With 2018 being an election year at the provincial and municipal levels, there is a growing desire for conversations about the future of urban Toronto and how it fits into the priorities of future governments.
It’s a crucial time for these conversations. A status-quo city council has put Toronto in an untenable position for the future and the Ontario government has a remarkable amount of control over what revenues, transit services and planning principles are put in place in the city. (For more on that read the wiki about the 1998 city amalgamation.)
Accordingly, my work in March has been dedicated to recruiting a board of advisors who urgently feel the need to have these conversations. These are people with different professional and life experience that can help inform the speaker program at Central. That means insuring a diversity of perspectives and a focus on the issues that matter most, whether they are specific cases that should matter to Torontonians or systemic issues that need examination and explanation.
The individuals that I’ve spoken to so far are urban planners, community organizers, academics, urbanists and former city staff. Through their actions, they’ve demonstrated a commitment to improving Toronto on either a micro or macro level. The advisory board will be partially unveiled in coming weeks and I expect more people will be added after that point.
So far, advisors have given me ideas for new potential topics, given me feedback on the website and the pitch deck language. It’s all helped me sharpen the vision for the event.
If you want to be involved in the advisory board, please do send me an email email@example.com and we can talk about the role some more.

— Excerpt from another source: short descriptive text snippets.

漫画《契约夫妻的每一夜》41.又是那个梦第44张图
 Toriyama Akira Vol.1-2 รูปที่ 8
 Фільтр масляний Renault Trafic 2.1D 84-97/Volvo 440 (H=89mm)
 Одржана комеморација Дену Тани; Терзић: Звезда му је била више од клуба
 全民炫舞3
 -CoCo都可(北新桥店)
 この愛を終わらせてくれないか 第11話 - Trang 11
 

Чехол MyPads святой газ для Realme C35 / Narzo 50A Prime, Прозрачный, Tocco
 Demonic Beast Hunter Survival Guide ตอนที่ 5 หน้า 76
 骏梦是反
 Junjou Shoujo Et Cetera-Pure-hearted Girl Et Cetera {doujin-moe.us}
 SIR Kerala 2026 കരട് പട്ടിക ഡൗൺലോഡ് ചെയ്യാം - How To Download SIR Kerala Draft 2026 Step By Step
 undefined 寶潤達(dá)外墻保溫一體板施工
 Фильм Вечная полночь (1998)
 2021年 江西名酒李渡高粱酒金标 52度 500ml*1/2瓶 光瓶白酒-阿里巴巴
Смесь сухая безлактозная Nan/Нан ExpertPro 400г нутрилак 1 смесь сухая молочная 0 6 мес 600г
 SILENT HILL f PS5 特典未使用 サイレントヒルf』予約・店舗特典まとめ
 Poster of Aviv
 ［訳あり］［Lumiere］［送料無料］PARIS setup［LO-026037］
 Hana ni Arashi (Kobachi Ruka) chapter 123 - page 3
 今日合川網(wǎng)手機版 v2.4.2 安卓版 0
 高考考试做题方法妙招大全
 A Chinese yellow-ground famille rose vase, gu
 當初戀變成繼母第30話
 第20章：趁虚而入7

Other time this month has been spent on the pitch deck, polishing the website a bit, and a whole lot of reading about what kinds of issues matter to people.
Putting together this event, I have a few basic principles that I would like to follow. One of them is to be transparent in the process and outcomes of the conference. To that end, I’ve written the conference FAQs (additions will come, I’m sure) and I will continue to write updates like this at regular intervals.
One of the items I haven’t yet shared is the conference pitch deck (March 2018 version). This short slide deck is meant to convey the spirit of the conference and a bit about my experience creating events.
When more financial information about the costs of the venue, food (potentially), A/V and more are available, I’ll share as much of that as people are interested in seeing. On the revenue side, I’ll show where the ticket costs are going, something like this TedxUofT graphic.
Many large and small events are run on sponsorship dollars. Based on my experience, it’s also fair to say that they exert some influence (whether explicitly requested or not) on the speaker program in order to get some return on their investment.
I don’t want that to become an issue for Central. On civic issues, we need less corporate influence and more engagement from underrepresented individuals.
However, I want Central to be a high-quality event with comfortable chairs, great A/V and an accessible location -- money helps with that. So on this topic, I will commit to only partnering with organizations that match the spirit of the event and I will explicitly note any kind of engagement that is sponsored.
Right now, there is no sponsorship kit or breakdown of packages and dollar amounts. If there ever is one, I’ll share it here.
April will be dedicated to finalizing the advisory board, doing more research on venues, more research on speakers and potential topics, and creating in-kind partnerships with like-minded organizations.
Thanks to everyone that has offered feedback so far. Let’s keep it going.